# Rural/Cottage Area Internet Access Options



## redison (Mar 1, 2008)

I thought I would move this to a new thread, I was wondering what kind of services people use outside many of the urban areas, where there is no DSL or cable, and what your experience with those services has been like?

-Robert


----------



## 20DDan (May 2, 2005)

I know the option exists for Satellite internet, I'm currently looking into that for my parents land up north near Gravenhurst, Ontario. It is pricey though... & we'll only be getting it when they live there permanently, now it's a weekend getaway spot. Reason I like that idea is the weather is nearly always clear up there! ... If you get Rogers Wireless phone reception you could get Rogers unplugged or whatever it's called.

Only thing you need for that is a power outlet, Rogers phone reception & you get internet for $29/month (1st year...) and then $49/month after that. Speeds aren't half bad I hear.


----------



## keebler27 (Jan 5, 2007)

satellite is what i've heard of people using.

but, please understand i'm not flaming you, but maybe adding a different perspective - cottages aren't meant for computers..... the entire ideology behind 'getting away from it all' has to exist.

my mho.


----------



## johnnyspade (Aug 24, 2007)

keebler27 said:


> but, please understand i'm not flaming you, but maybe adding a different perspective - cottages aren't meant for computers..... the entire ideology behind 'getting away from it all' has to exist.


It's a good point though there are many times when I'm actually needing to do some work up the lake. The cabin is more like an alternate environment than a vacation spot. My work makes it difficult to be out of touch for too long but the trick is to police yourself to not use the computer too much.

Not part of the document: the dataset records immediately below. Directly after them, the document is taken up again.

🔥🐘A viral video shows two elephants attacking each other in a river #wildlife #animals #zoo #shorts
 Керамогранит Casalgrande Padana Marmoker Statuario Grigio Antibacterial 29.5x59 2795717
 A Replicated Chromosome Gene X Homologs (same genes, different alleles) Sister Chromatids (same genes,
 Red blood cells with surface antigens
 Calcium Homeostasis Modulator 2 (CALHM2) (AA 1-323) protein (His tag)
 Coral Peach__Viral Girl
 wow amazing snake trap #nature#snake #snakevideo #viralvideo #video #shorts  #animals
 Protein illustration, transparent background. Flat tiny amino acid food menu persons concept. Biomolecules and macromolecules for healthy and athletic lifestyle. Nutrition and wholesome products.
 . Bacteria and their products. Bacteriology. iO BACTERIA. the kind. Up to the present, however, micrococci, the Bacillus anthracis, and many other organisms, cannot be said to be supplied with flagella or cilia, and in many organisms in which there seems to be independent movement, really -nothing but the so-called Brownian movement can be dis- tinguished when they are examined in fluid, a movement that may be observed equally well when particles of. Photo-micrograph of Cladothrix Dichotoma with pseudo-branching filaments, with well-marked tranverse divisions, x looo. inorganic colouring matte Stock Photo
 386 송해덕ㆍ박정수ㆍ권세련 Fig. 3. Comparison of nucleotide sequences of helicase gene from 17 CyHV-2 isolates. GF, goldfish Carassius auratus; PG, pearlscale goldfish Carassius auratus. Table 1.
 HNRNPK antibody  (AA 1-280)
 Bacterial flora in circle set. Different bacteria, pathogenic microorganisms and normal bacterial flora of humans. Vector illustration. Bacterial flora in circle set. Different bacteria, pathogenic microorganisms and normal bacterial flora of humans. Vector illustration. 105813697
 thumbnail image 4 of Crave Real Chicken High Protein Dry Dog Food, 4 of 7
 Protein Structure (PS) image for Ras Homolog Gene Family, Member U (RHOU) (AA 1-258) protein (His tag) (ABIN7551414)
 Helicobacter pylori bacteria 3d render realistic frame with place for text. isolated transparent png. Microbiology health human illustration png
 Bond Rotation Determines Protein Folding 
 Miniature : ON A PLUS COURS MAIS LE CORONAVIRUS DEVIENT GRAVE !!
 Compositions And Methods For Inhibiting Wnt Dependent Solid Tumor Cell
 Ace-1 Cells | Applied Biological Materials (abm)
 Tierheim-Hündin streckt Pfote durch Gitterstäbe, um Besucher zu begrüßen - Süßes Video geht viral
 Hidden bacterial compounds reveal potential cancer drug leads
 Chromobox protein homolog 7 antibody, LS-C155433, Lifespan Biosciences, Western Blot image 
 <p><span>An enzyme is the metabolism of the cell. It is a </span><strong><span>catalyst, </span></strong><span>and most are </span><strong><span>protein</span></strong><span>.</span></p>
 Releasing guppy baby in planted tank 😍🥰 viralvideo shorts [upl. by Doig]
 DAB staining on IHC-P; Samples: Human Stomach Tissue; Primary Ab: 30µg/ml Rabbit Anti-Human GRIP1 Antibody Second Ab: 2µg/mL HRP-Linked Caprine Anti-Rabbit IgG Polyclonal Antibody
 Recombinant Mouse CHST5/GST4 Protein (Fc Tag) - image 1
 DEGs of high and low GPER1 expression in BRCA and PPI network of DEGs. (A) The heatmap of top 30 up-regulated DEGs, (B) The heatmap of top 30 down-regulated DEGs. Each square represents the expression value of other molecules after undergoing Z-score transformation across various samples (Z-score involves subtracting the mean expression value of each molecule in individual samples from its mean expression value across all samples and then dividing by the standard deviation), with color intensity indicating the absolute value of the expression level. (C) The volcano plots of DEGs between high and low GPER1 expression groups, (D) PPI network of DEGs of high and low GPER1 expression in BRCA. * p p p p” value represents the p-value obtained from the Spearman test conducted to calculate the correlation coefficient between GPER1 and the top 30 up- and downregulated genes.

Regarding satellite ... it works pretty well. I believe they promise 6x the speed of dial-up and I've never seen quite that speed but it's decent. Upload speeds are awful, as you might expect.


----------



## retired (Nov 16, 2007)

We live in rural Sask and have limited choices from dial up, Satellite and wireless We chose the wireless and get it through YOUR LINK INC.
YourLink Inc. - Your Link To The World!: Internet Services
They serve areas in BC, Alberta, Sask and Ontario
A good reliable service.


----------



## Suite Edit (Dec 17, 2003)

My parents are in rural Caledon and have tried satellite service from a local "high speed" provider. After investing $1100 in the hardware up-front, they experienced speeds about 2x dial-up and the reliability was terrible. It was so spotty that they were going to switch back to dial-up with a dedicated phone line. Yes, the techs said they had good line-of-sight, and they spent several (I'm sure frustrating) hours on the phone with my parents to no avail.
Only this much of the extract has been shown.